Câmara rejeita responsabilidade em atraso na assinatura de acordos para a Estratégia Local de Habitação

O presidente da Câmara de Amarante afirmou, na quarta-feira, que o processo da Estratégia Local de Habitação do concelho seguiu os “trâmites normais” e que o atraso na aprovação e assinatura do acordo com o Instituto da Habitação e da Reabilitação Urbana (IHRU) não se deve à autarquia ou às empresas que lhe prestaram assessoria.

 

José Luís Gaspar respondia a uma questão colocada pela bancada da oposição, no âmbito da sessão ordinária da Assembleia Municipal de Amarante, realizada na noite de quarta-feira.

No âmbito daquela reunião, foi ainda aprovado, por maioria, o orçamento municipal de 2022 orçado em 53,45 ME, com os votos a favor da coligação Afirmar Amarante (PSD-PPD/CDS) e a abstenção da bancada socialista, na oposição.

No período antes da ordem do dia, o deputado municipal Torcato Ferreira (PS) questionou o executivo sobre as razões do atraso na aprovação e assinatura de acordos com IHRU, frisando que Amarante é o único concelho do distrito do Porto onde o projeto ainda não foi finalizado.

“Atrasa, assim, o plano de ação de concretização no âmbito do contrato de primeiro direito que tem um horizonte temporal até 2026. Portanto, quanto mais tempo passa, menos teremos para implementar estas medidas”, afirmou, frisando que há uma expectativa, por parte das autarquias, que as contrapartidas locais dos projetos de estratégia de habitação local possam ser financiados no âmbito do Plano de Resiliência e Recuperação (PRR).
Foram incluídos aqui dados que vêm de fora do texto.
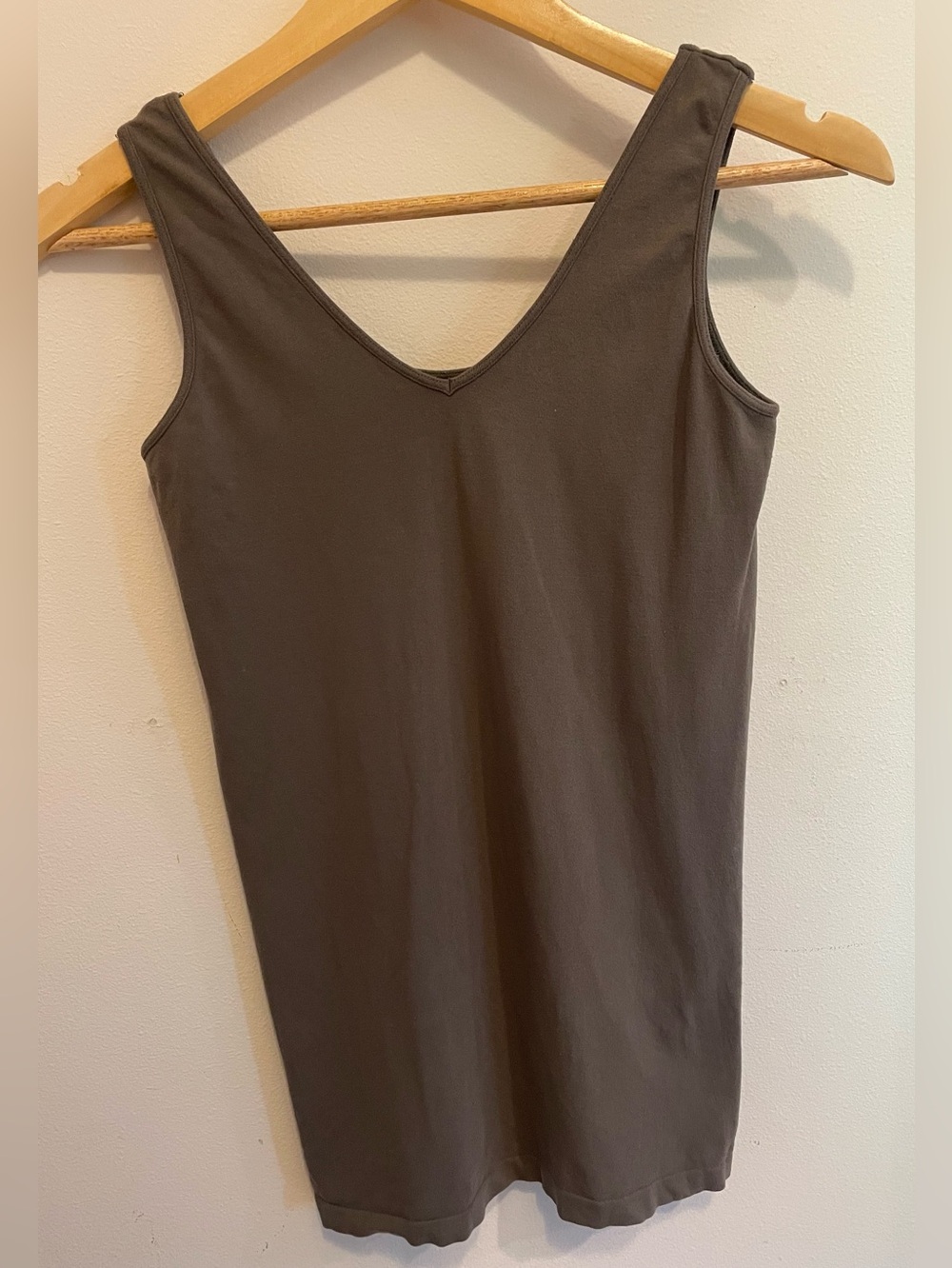 M.Rena Army Green Seamless Stretch V-Neck Tank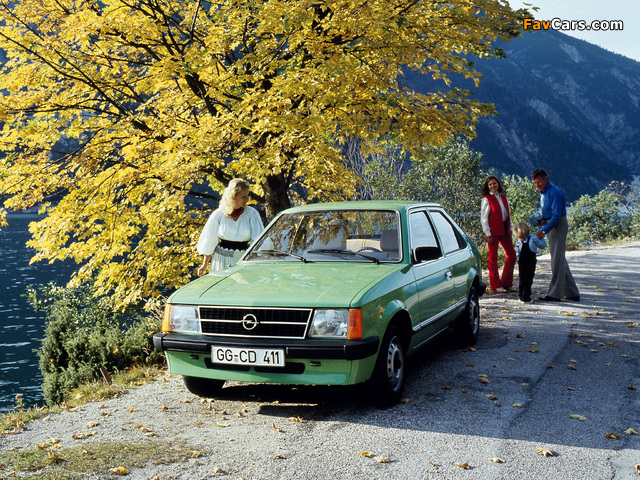 Opel Kadett 2-door (D) 1979–81 photos (640 x 480)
Torcato Ferreira acrescentou que há concelhos que só recentemente viram aprovadas as suas candidaturas, sublinhando, contudo, que estas alteraram a sua estratégia e atrasaram o processo de forma a aproveitar a eventualidade de ver as contrapartidas financiadas, na totalidade.

“Não me parece que é o que aconteceu em Amarante, porque a estratégia que aqui foi aprovada é a mesma que está em cima da mesa para ser contratualizada com o IHRU”, concluiu.

Na resposta do executivo municipal, José Luís Gaspar começou por afirmar que o processo foi realizado “em tempo útil” tanto por técnicos municipais como por empresas especializadas.

O edil rejeitou, ainda, “a noção” que o processo tenha sido atrasado pelo período eleitoral das eleições autárquicas.

“Sei que, entretanto, foram colocadas algumas questões, e que foi reportado, mas não houve mais perguntas, desde 16 de novembro. Acredito que deveremos estar a ser contactados, em breve, para assinar o protocolo”, explicou. E acrescentou:

“Tem sido um projeto normal, com algum atraso, sim, mas que não é motivado pelo desempenho dos técnicos da Câmara de Amarante ou da empresa que nos prestou assessoria. Acredito que, dentro em breve, iremos ter resposta favorável àquilo que é a nossa pretensão”.